System event categories
|Category||Description||Displayed in the ECS console|
|Unexpected O&M events||This category of system events is triggered when ECS instances restart or break down due to unexpected issues such as kernel panic, out-of-memory errors, or hardware or software failures in underlying hosts. Alibaba Cloud sends these events when they are detected and restores affected ECS resources as soon as possible. At the same time, Alibaba Cloud notifies you of the execution states of system O&M tasks related to the events.||Yes|
|Scheduled O&M events||Alibaba Cloud may need to upgrade host software for security reasons or to foresee and take actions against failure risks that lie in underlying host hardware and software. In these cases, if O&M tasks to be executed by Alibaba Cloud may affect the availability or performance of your ECS resources, Alibaba Cloud triggers and sends scheduled O&M events in advance to notify you of task details such as execution times, objects, and impacts. After you receive a scheduled O&M event, you can handle it during an off-peak period within the event execution window to minimize the impact on your business.||Yes|
|Instance billing events||This category of system events is triggered by upcoming billing changes of instances. For example, instance billing events are triggered when instances expire and are about to be released or when instances are about to be stopped due to overdue payments.||Yes|
|Instance security events||This category of system events is triggered when instances face security threats. For example, instance security events are triggered when instances suffer DDoS attacks or when blackhole filtering is triggered for instances.||Yes|
|State change events||This category of system events is triggered when operations (such as Start and Stop)
on instances cause their lifecycle states to change or when instance attribute changes
cause instance lifecycle or other states to change. State change events are classified
into the following categories:
System event severities
- Critical: Critical system events may result in instance unavailability and must be handled as soon as possible. For example, a critical system event is triggered when resources are released due to an overdue payment or when an instance is redeployed due to an instance error.
- Warning: Warning system events have impact on your business. For example, a warning system event is triggered when a burstable instance cannot burst above its performance baseline. You must pay close attention to these events or handle them when appropriate.
- Notification: Notification system events do not affect your business. For example, a notification system event is triggered when a snapshot is created for a disk. You can optionally pay attention to notification system events.
Use scenarios of system events
- Notification of risks and exceptions
After system events that can be displayed in the ECS console are triggered, Alibaba Cloud pushes the events to the ECS console. These events include those that affect the availability and performance of ECS resources, such as SystemMaintenance.Reboot events among scheduled O&M events and InstanceExpiration.Stop events among instance billing events.For some critical system events, Alibaba Cloud sends additional emails or internal messages. You can handle these events by using the ECS console or by calling API operations. We recommend that you handle the system events as soon as possible to ensure resource availability and performance. For more information, see Query and handle ECS system events.

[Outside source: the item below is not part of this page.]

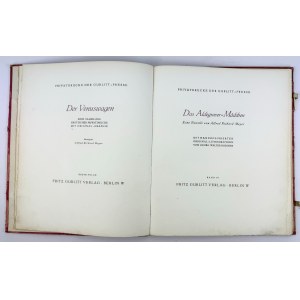 MEYER Alfred R. - Das Aldegrever-Madchen - Der Venuswagen - Berlin 1919.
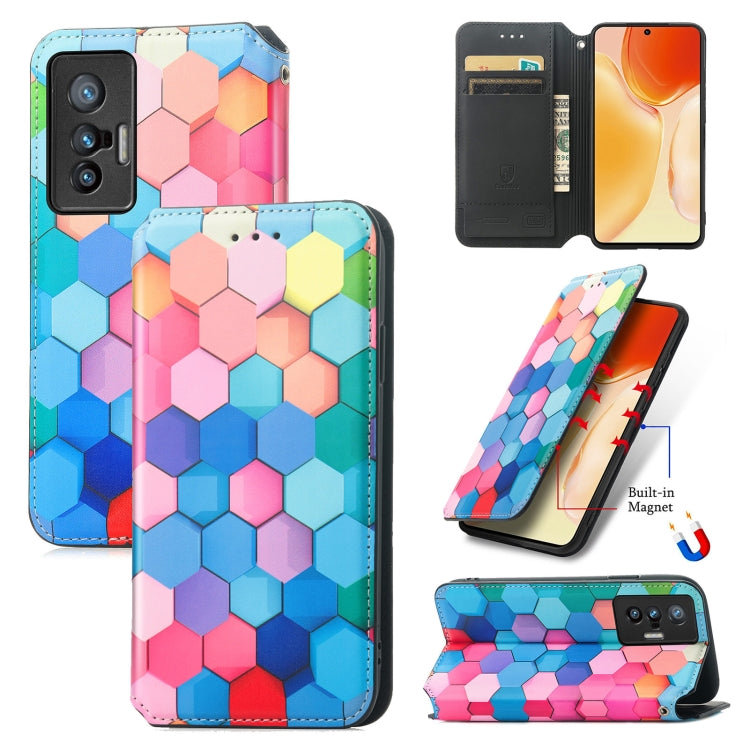 For vivo X70 Colorful Magnetic Horizontal Flip Leather Phone Case with Holder & Card Slot & Wallet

For example, when a subscription instance is about to expire, the ECS console prompts you to renew the instance within a specified period of time to ensure service continuity.
- Automated O&M
States are defined for system events displayed in the ECS console to help you understand the execution states of system O&M tasks. Meanwhile, new system events and changes in system event states are reported to CloudMonitor so that you can build an event-driven automated O&M system based on your business requirements. For more information about event states, see the States and windows of system events section in this topic.Note Each event state corresponds to a CloudMonitor event. For example, the Executing and Executed states that the InstanceFailure.Reboot ECS event type supports correspond to the Instance:InstanceFailure.Reboot:Executing and Instance:InstanceFailure.Reboot:Executed CloudMonitor events.
Some state change events are not displayed in the ECS console and cannot be handled by using the ECS console or by calling API operations. Examples: events that indicate instance state changes or interruptions of preemptible instances. No states are defined for these system events. However, these events are still reported to CloudMonitor when they are triggered so that you can build an event-triggered automated O&M system based on your business requirements.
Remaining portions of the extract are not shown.